- Flag Coat of arms
- Interactive map of Gmina Żabno
- Coordinates (Żabno): 50°7′58″N 20°53′7″E﻿ / ﻿50.13278°N 20.88528°E
- Country: Poland
- Voivodeship: Lesser Poland
- County: Tarnów County
- Seat: Żabno

Area
- • Total: 104.82 km^{2} (40.47 sq mi)

Population (2006)
- • Total: 18,846
- • Density: 179.79/km^{2} (465.66/sq mi)
- • Urban: 4,271
- • Rural: 14,575
- Website: https://www.zabno.pl

= Gmina Żabno =

Gmina Żabno is an urban-rural gmina (administrative district) in Tarnów County, Lesser Poland Voivodeship, in southern Poland.

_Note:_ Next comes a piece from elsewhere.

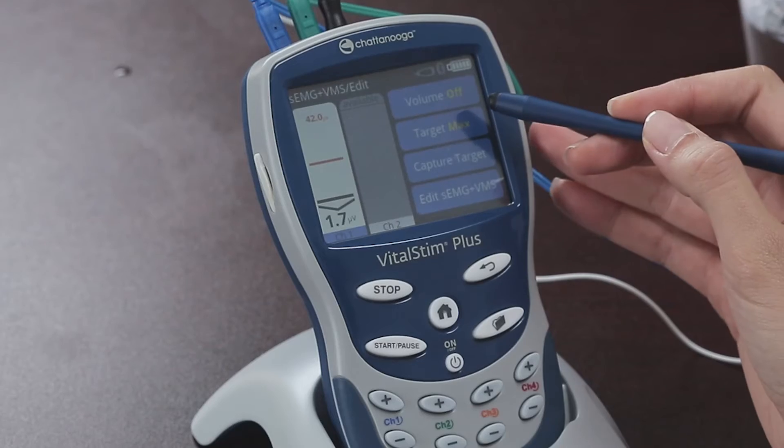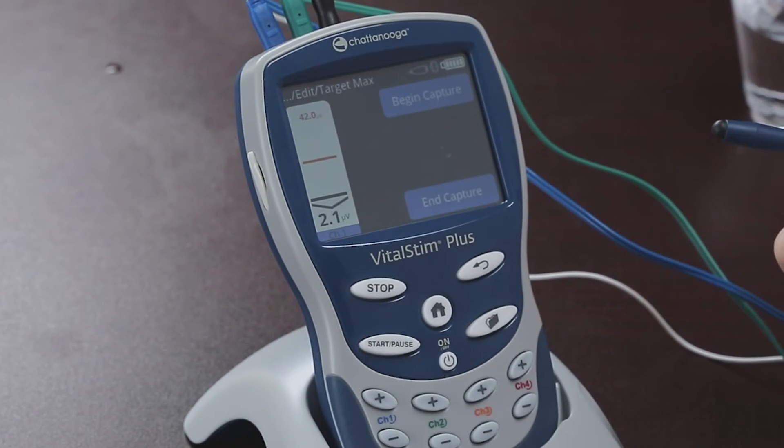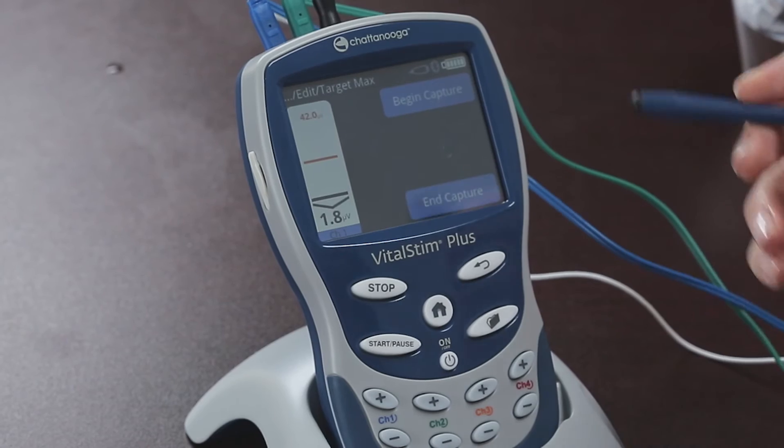Next, we must capture the target level like we did before. Press capture max and perform the same sequence as in surface EMG biofeedback.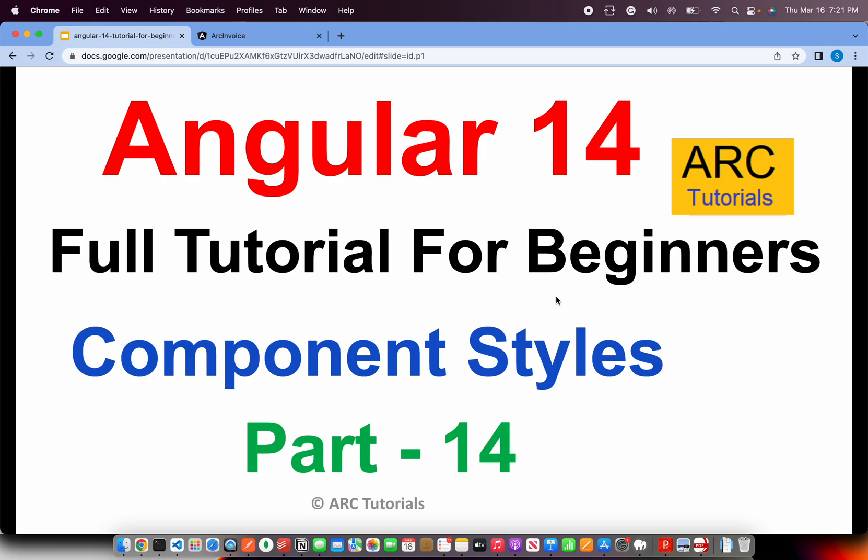Hi friends. Welcome back to ARK Tutorials. This is Angular 14 full tutorial series for absolute beginners. In the last episode, we learned about component template, which is different ways of using template for a component. In this episode, we are going to learn about different ways to use component styles. How you can write different ways of styles for a particular component. Let's get started.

Its seat is the town of Żabno, which lies approximately 14 km north-west of Tarnów and 69 km east of the regional capital Kraków.

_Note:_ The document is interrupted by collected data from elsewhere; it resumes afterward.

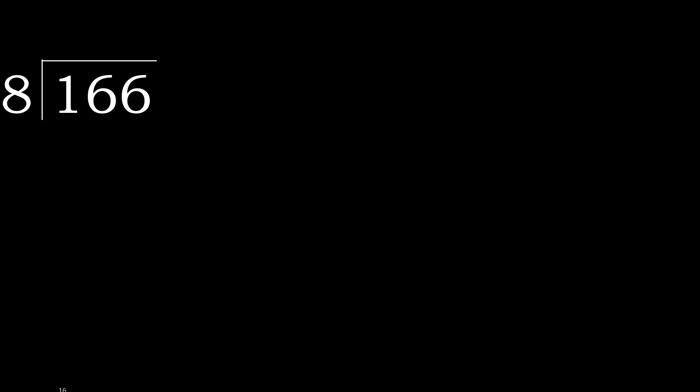166 divided by 8. 1 is less, therefore next 16 is not less. Therefore with 16, 8 multiply by which number is nearest to 16?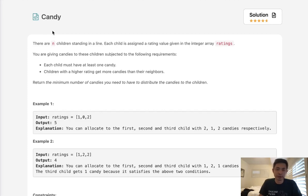Welcome to June's LeetCode challenge. Today's problem is Candy. There are n children standing in line. Each child is assigned a rating value given in the integer array ratings.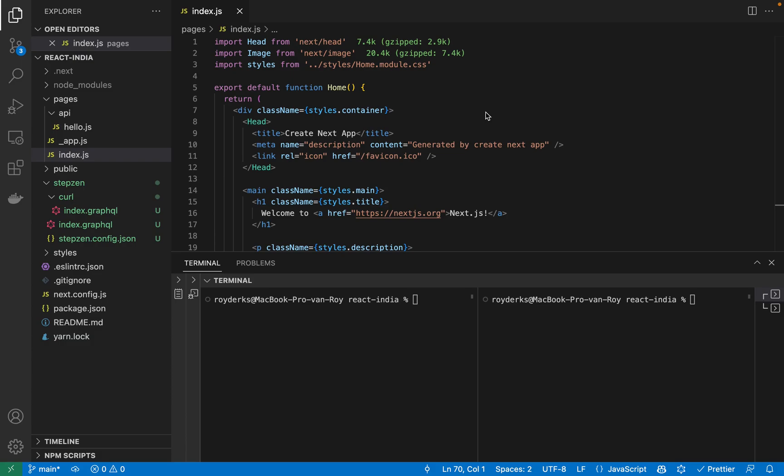In this video, we'll be querying a GraphQL API from a React Next.js application. So what have I done? I've created a new project in VS Code called React India, as of course, I'll be streaming this video from India.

The gmina covers an area of 104.82 km2, and as of 2006 its total population is 18,846 (out of which the population of Żabno amounts to 4,271, and the population of the rural part of the gmina is 14,575).

==Villages==
Apart from the town of Żabno, Gmina Żabno contains the villages and settlements of Bobrowniki Wielkie, Chorążec, Czyżów, Fiuk, Goruszów, Gorzyce, Ilkowice, Janikowice, Kaluga, Kłyż, Łęg Tarnowski, Nieciecza, Niedomice, Odporyszów, Otfinów, Pasieka Otfinowska, Piaski, Pierszyce, Podlesie Dębowe, Siedliszowice, Sieradza, Wychylówka and Zagrody.

==Neighbouring gminas==
Gmina Żabno is bordered by the city of Tarnów and by the gminas of Dąbrowa Tarnowska, Gręboszów, Lisia Góra, Olesno, Radłów, Tarnów, Wierzchosławice and Wietrzychowice.